Short web captions
-*-*-

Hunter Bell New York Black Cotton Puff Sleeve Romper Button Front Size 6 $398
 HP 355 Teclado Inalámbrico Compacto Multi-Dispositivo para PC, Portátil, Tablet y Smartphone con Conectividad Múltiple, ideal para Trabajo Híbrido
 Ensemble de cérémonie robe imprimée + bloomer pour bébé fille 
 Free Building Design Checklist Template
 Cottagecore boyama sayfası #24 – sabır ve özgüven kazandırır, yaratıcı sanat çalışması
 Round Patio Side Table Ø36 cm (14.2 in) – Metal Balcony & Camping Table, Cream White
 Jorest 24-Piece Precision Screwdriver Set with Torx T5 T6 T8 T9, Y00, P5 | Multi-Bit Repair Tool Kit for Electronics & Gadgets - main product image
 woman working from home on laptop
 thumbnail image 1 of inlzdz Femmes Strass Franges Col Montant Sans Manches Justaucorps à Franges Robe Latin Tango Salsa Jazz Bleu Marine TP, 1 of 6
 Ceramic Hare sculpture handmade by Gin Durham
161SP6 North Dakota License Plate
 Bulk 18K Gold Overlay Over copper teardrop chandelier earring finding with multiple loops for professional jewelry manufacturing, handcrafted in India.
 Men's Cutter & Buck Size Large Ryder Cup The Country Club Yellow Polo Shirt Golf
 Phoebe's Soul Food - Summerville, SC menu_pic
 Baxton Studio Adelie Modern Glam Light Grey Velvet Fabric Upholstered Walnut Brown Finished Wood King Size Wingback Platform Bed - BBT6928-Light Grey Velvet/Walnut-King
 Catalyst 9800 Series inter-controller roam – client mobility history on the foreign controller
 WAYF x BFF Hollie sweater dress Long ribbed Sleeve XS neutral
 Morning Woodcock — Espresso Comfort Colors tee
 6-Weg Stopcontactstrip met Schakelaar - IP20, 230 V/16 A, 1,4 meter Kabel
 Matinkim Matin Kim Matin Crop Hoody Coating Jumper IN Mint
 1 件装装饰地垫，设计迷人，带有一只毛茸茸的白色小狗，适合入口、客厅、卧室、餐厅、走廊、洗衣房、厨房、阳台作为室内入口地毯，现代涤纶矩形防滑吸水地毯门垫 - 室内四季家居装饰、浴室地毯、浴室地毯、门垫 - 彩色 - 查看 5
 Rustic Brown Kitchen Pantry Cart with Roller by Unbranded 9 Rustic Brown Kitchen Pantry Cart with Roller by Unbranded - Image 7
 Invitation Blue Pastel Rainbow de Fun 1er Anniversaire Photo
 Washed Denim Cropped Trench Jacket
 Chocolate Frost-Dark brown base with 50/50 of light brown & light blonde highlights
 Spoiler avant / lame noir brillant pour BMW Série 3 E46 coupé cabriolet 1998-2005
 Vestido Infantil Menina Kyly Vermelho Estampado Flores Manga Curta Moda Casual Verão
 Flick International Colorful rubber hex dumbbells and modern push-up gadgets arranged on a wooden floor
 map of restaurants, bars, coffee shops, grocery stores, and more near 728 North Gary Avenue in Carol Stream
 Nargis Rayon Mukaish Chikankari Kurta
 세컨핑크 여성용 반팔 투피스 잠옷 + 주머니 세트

-*-*-

Beginning with the opening line above, retype the records exactly through the line with "Cottagecore boyama sayfası", both ends included.

Exercise response:
Hunter Bell New York Black Cotton Puff Sleeve Romper Button Front Size 6 $398
 HP 355 Teclado Inalámbrico Compacto Multi-Dispositivo para PC, Portátil, Tablet y Smartphone con Conectividad Múltiple, ideal para Trabajo Híbrido
 Ensemble de cérémonie robe imprimée + bloomer pour bébé fille 
 Free Building Design Checklist Template
 Cottagecore boyama sayfası #24 – sabır ve özgüven kazandırır, yaratıcı sanat çalışması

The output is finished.